**Assigned task**
Every line from the one holding "Forest Retreat Activities" to the end of the entries should be repeated exactly, with the pictures left out.

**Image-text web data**
------------------------------------

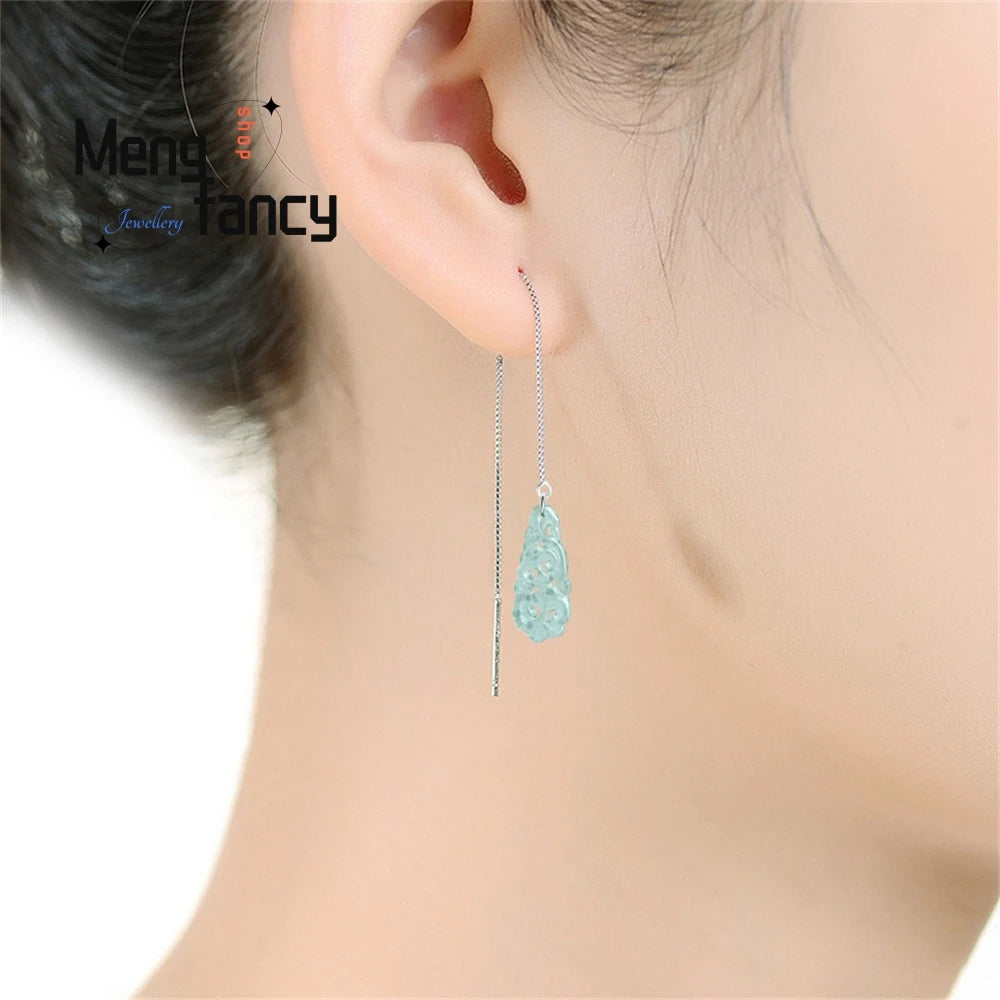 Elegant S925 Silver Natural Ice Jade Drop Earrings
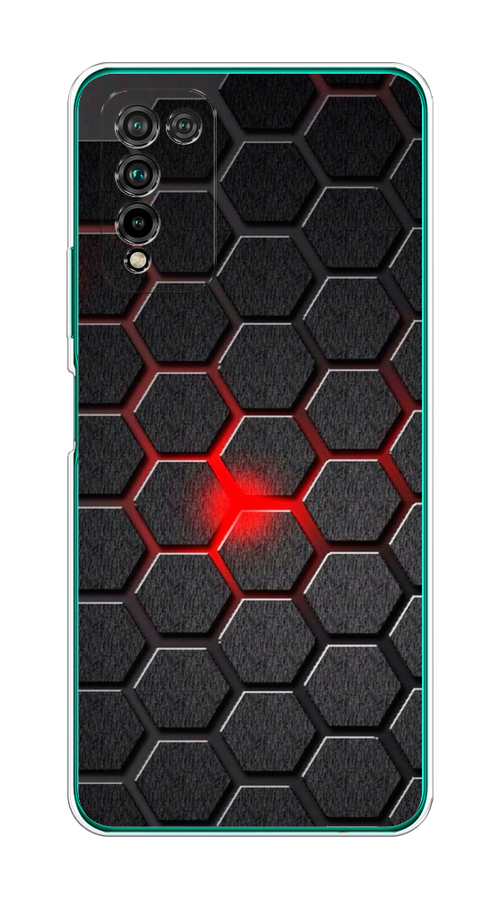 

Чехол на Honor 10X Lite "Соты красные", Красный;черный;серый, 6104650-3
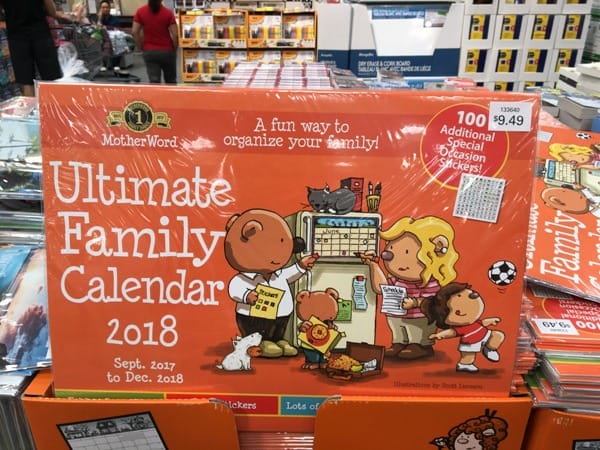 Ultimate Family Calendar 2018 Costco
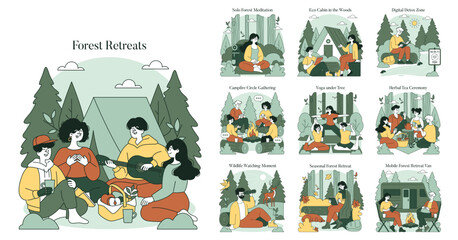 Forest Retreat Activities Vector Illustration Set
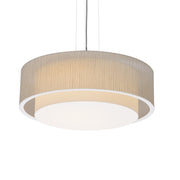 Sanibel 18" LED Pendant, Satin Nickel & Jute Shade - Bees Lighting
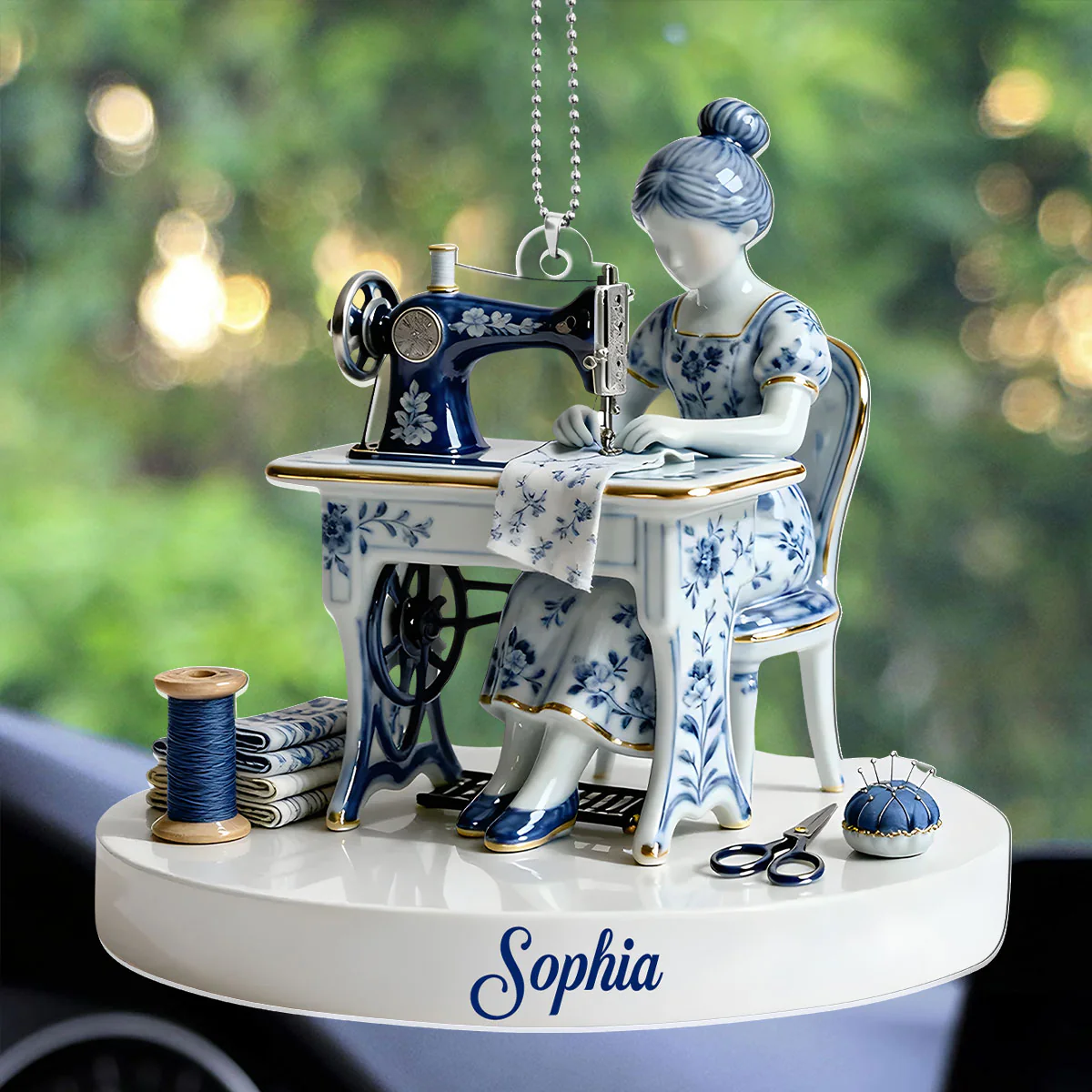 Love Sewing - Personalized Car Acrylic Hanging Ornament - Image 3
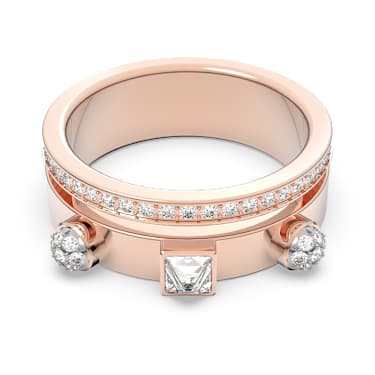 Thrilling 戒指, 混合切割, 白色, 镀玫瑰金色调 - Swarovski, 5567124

------------------------------------

**Your solution**
 Forest Retreat Activities Vector Illustration Set
 Sanibel 18" LED Pendant, Satin Nickel & Jute Shade - Bees Lighting
 Love Sewing - Personalized Car Acrylic Hanging Ornament - Image 3
 Thrilling 戒指, 混合切割, 白色, 镀玫瑰金色调 - Swarovski, 5567124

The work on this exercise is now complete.